Outro aspecto que percebi na seqüência da narrativa de
O Corvo foi a construção de imagens alucinantes num jogo verbal morfossintático que engrandece ainda mais a literatura realista fantástica cunhada por um Garcia Marquez. Neste conto percebe-se, ainda, a engenharia frasal que me agrada muito na narração e que o aproxima dos poetas barrocos estilistas das assimetrias em tempos passados. Digo, também, quando não se experimenta na construção da forma literária, deve-se propor mesmo na forma tradicional de contar, poetizar, romancear algo de novo, inusitado. Isso é muito claro em J. L. da Rocha Nascimento e em seu O Corvo, agora. Atrevo-me até mesmo a afirmar um sacrilégio para os outros confrades do Tarântula que João Luiz Rocha do Nascimento carrega nos seus contos a veia literária ibero-americana, encontrada em poetas e narradores singulares como Pablo Neruda, Garcia Lorca, Murilo Rubião, Machado de Assis, Júlio Cortazar, Borges, Nicolas Guillen, Graciliano Ramos e tantos.

Mas volto a insistir,
O Corvo antes de ser um exercício de linguagem, é um manancial de ensinamentos para o ser humano. É aqui, seguindo o conceito de fábula/alegoria que o conto de J. L. da Rocha Nascimento se realiza por completo. Deixa-nos aprendizados e algumas reflexões sombrias diante da condição humana dentro de todos os contextos. As bicadas do corvo quando toma posse do cérebro, no conto, nos induz para uma concepção existencial inexorável, a incapacidade de controlar as nossas ações diante das realidades lacrimejantes impostas. As bicadas são metonímias trágicas de dominação, de confusão, violência, hipocrisias, mentiras, vaidades, dissimulações, jogo de interesse, negatividade, falta de criatividade e tantas aberrações que nos são colocadas nos cotidianos diversos em siglas e labirintos inatingíveis. No conto, ainda, o cérebro bicado já não esconde a falta de resistência aos dominadores deste e de outros mundos, basta uma breve reflexão para se perceber esta verdade em todos nós.

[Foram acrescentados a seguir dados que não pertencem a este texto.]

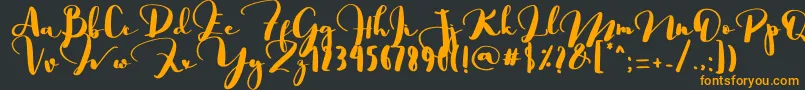Saligra-Schriftart – Orangefarbene Schriften auf schwarzem Hintergrund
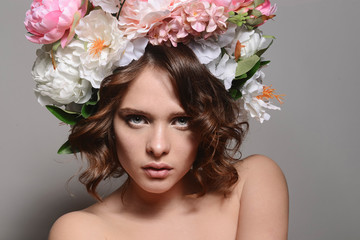 fashion model with large hairstyle and flowers in her hair
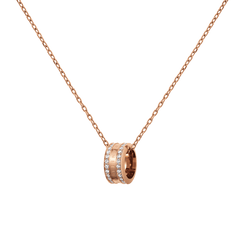 Rose gold necklace featuring a delicate cable chain and a round barrel pendant set with sparkling crystals and engraved detailing.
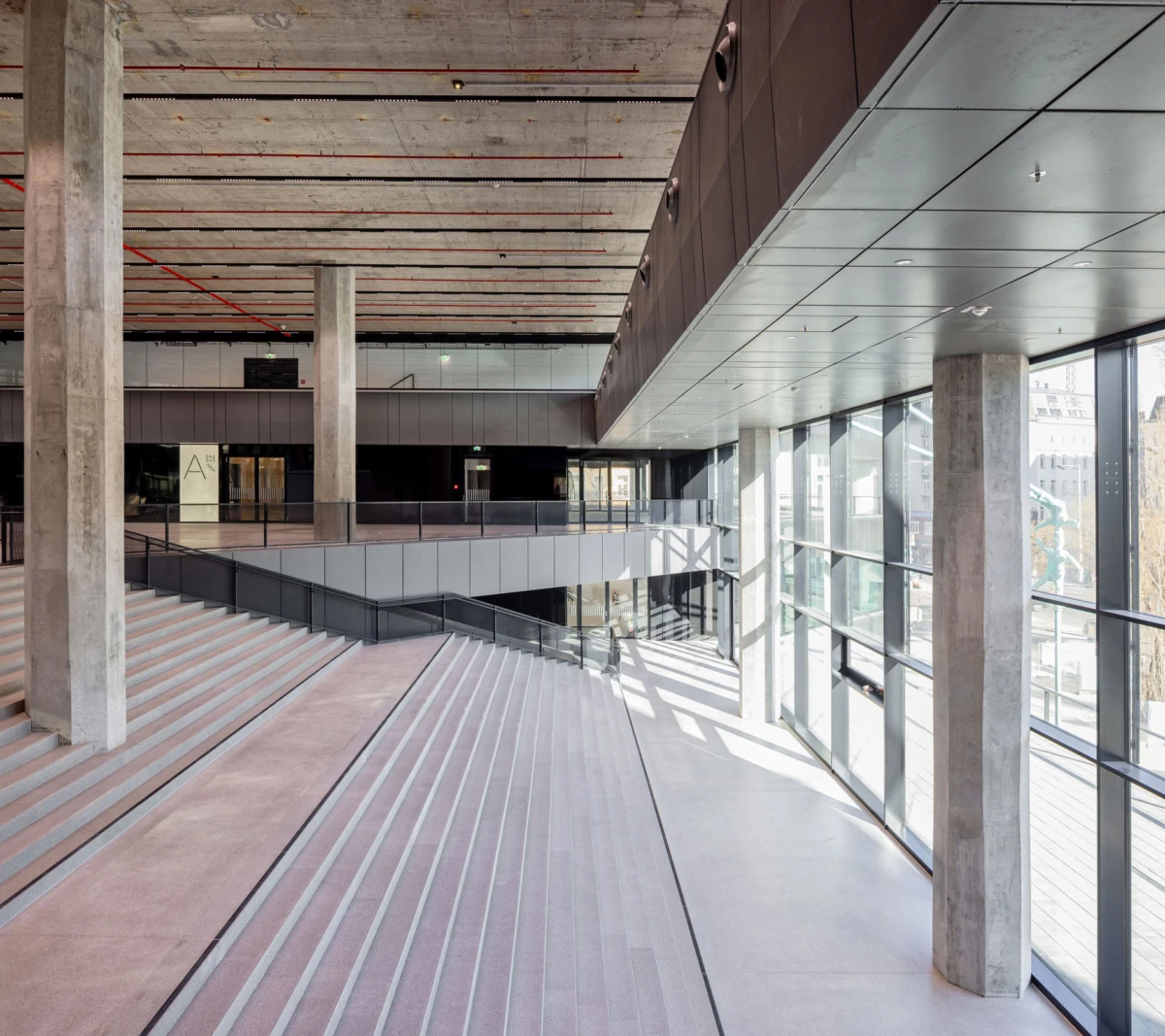Empty modern atrium with tiered concrete seating, tall pillars, and floor-to-ceiling glass walls.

Por fim, sem querer vender nenhuma doutrina bíblica de plantão, percebi, na primeira leitura de O Corvo, o tom profético catastrófico e apocalíptico do mesmo e que me remeteu para o profeta Isaías do antigo testamento e sua epígrafe bíblica: “Mas o pelicano e a coruja a possuirão, e o bufo e o corvo habitarão nela; e ele estenderá sobre ela o cordel de confusão e nível de vaidade.” (Isaías 34:11), confirmada na vitória do corvo sobre as nossas pueris resistências, vejamos: “Talvez no dia em que elas cobrirem meu corpo como um manto negro é que irão acreditar em mim, mas aí já terá sido tarde, eu creio. O corvo, impune, baterá asas.”. Infelizmente o corvo mais um vez venceu em lugar do ser humano.


* Postagem extraída do blog de Emerson Araújo, publicada hoje.